▸ **Information supplied**

^^^^

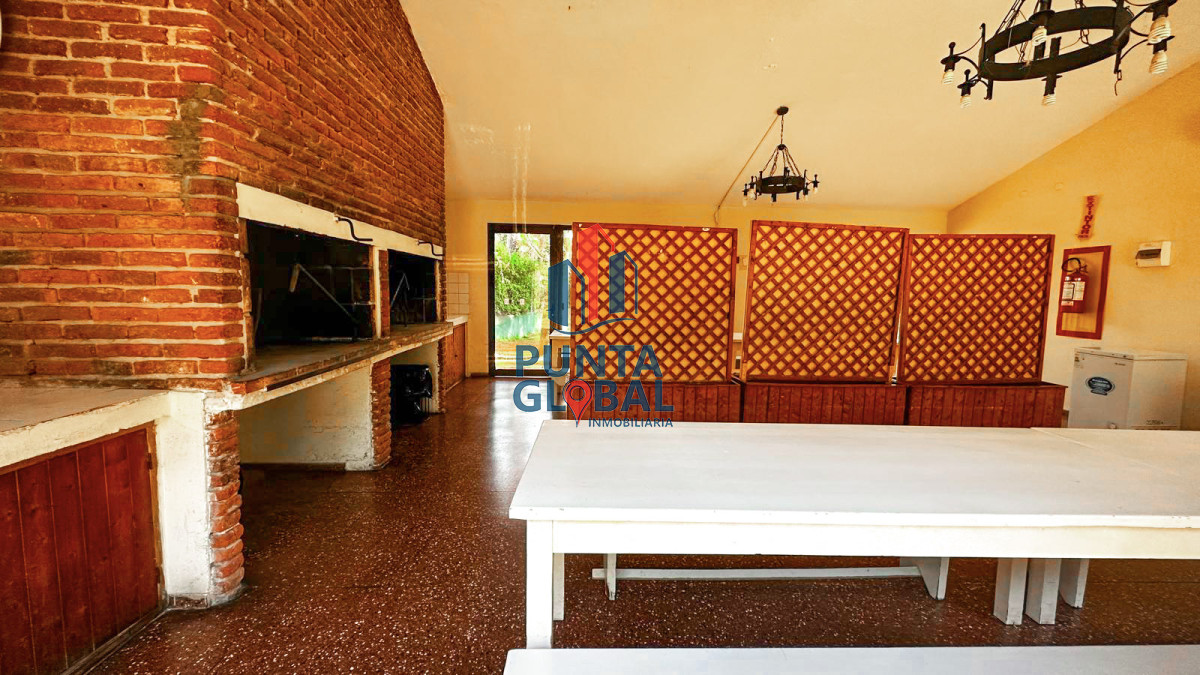 Apartamento ID.270 - Venta Apartamento 2 Dormitorios Punta del Este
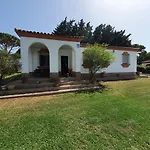 Chalet Con Piscina, Amplio Jardin Y Aire Acondicionado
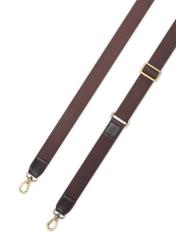 Hnedá pánska kožená taška TORMS-0504-1I(W26), pohľad na produkt s popruhom na bielom pozadí.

^^^^

Would you set down the listing exactly, omitting pictures?

▸ **Exercise answer**
 Apartamento ID.270 - Venta Apartamento 2 Dormitorios Punta del Este
 Chalet Con Piscina, Amplio Jardin Y Aire Acondicionado
 Hnedá pánska kožená taška TORMS-0504-1I(W26), pohľad na produkt s popruhom na bielom pozadí.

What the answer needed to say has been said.